Transforming growth factor β suppresses glutamate–cysteine ligase gene expression and induces oxidative stress in a lung fibrosis model

The concentration of glutathione (GSH), the most abundant intracellular free thiol and an important antioxidant, is decreased in the lung in both fibrotic diseases and experimental fibrosis models. The underlying mechanisms and biological significance of GSH depletion, however, remain unclear. Transforming growth factor β (TGF-β) is the most potent and ubiquitous profibrogenic cytokine and its expression is increased in almost all fibrotic diseases. In this study, we show that increasing TGF-β1 expression in mouse lung to a level comparable to those found in lung fibrotic diseases by intranasal instillation of AdTGF-β1223/225, an adenovirus expressing constitutively active TGF-β1, suppressed the expression of both catalytic and modifier subunits of glutamate–cysteine ligase (GCL), the rate-limiting enzyme in de novo GSH synthesis, decreased GSH concentration, and increased protein and lipid peroxidation in mouse lung. Furthermore, we show that increasing TGF-β1 expression activated JNK and induced activating transcription factor 3, a transcriptional repressor involved in the regulation of the catalytic subunit of GCL, in mouse lung. Control virus (AdDL70-3) had no significant effect on any of these parameters, compared to saline-treated control. Concurrent with GSH depletion, TGF-β1 induced lung epithelial apoptosis and robust pulmonary fibrosis. Importantly, lung GSH levels returned to normal, whereas fibrosis persisted at least 21 days after TGF-β1 instillation. Together, the data suggest that increased TGF-β1 expression may contribute to the GSH depletion observed in pulmonary fibrosis diseases and that GSH depletion may be an early event in, rather than a consequence of, fibrosis development.

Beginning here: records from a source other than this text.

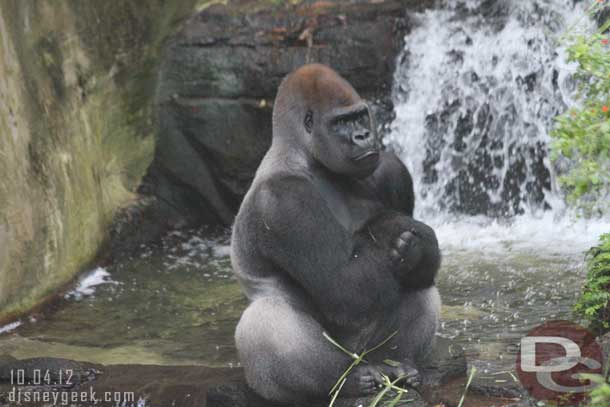 Took a peek into Pangani and saw this male silverback down in the water.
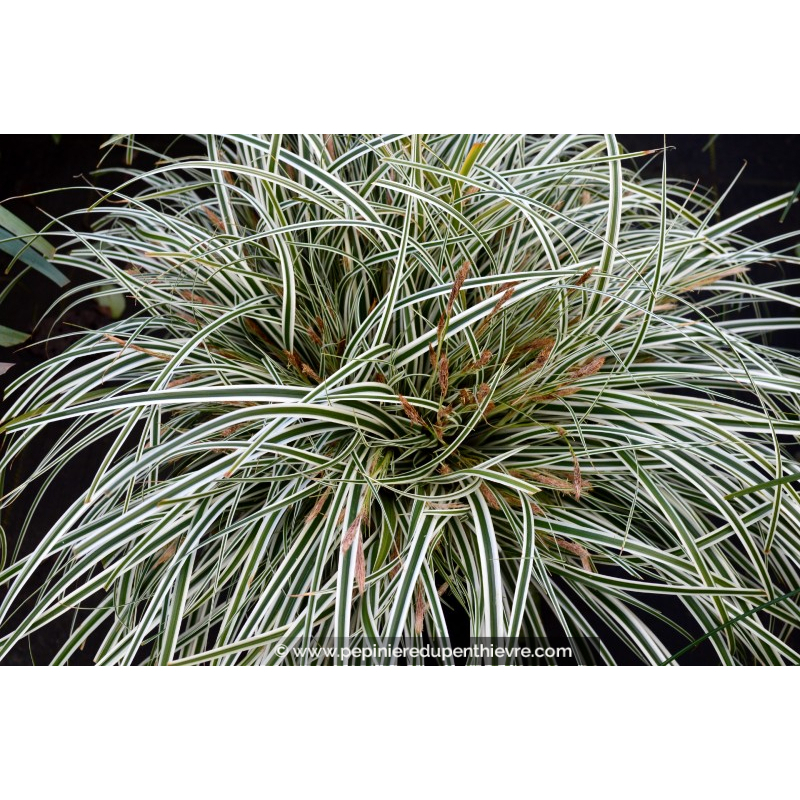 CAREX oshimensis 'Everest'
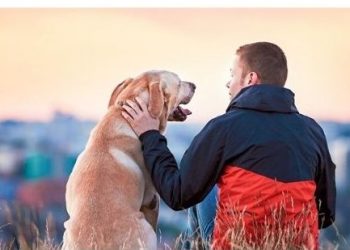 Royal Canin anuncia neutralidade carbónica até 2025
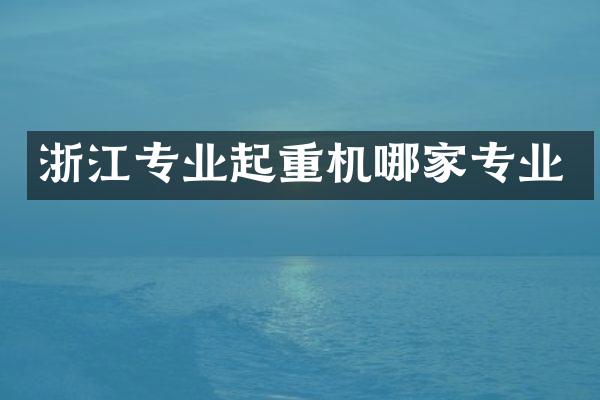 浙江專業(yè)起重機哪家專業(yè)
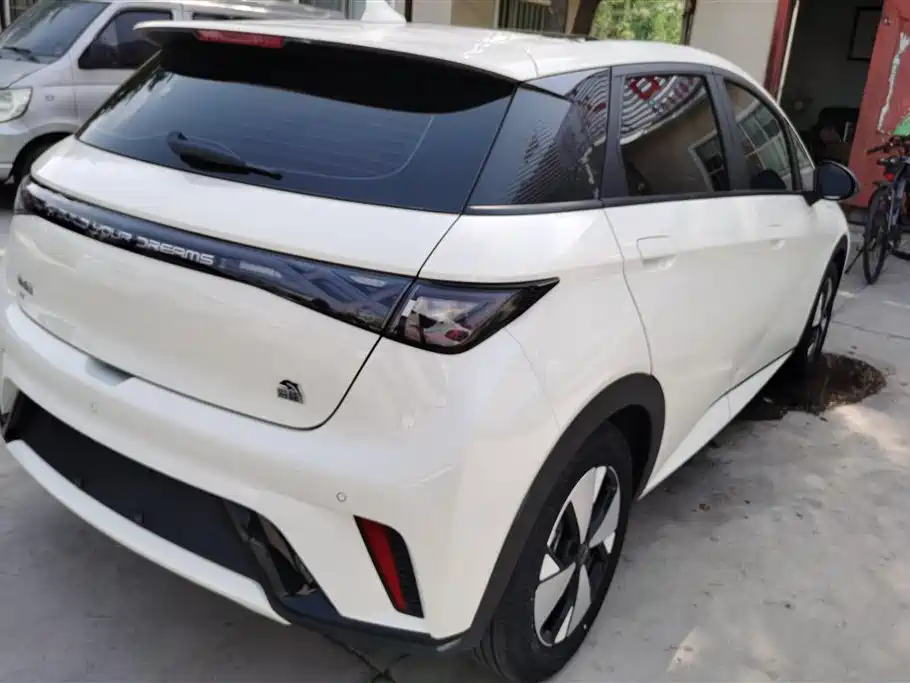 BYD Dolphin 2023 420km Fashion Edition фото 3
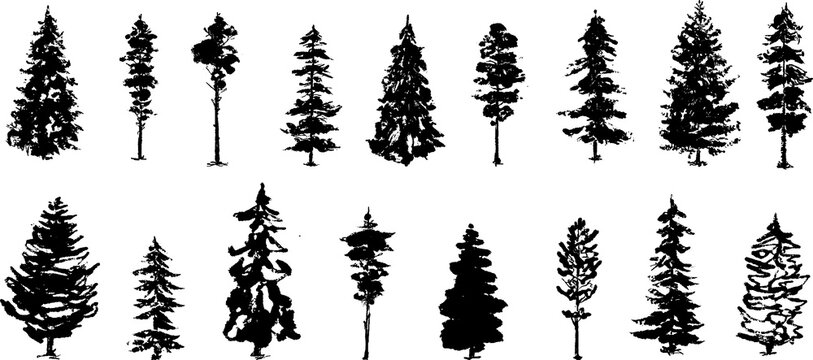 Fir trees. Textured ink brush drawing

► Clinically relevant level of TGF-β1 decreases GSH in bronchoalveolar lavage fluid and lung tissue in mice. ► Clinically relevant level of TGF-β1 suppresses GCLC and GCLM expression in mouse lung. ► Clinically relevant level of TGF-β1 induces oxidative stress in mouse lung. ► Clinically relevant level of TGF-β1 activates JNK MAPK and induces ATF3 in mouse lung. ► GSH level returns to the normal, whereas fibrosis persists at least 21 days.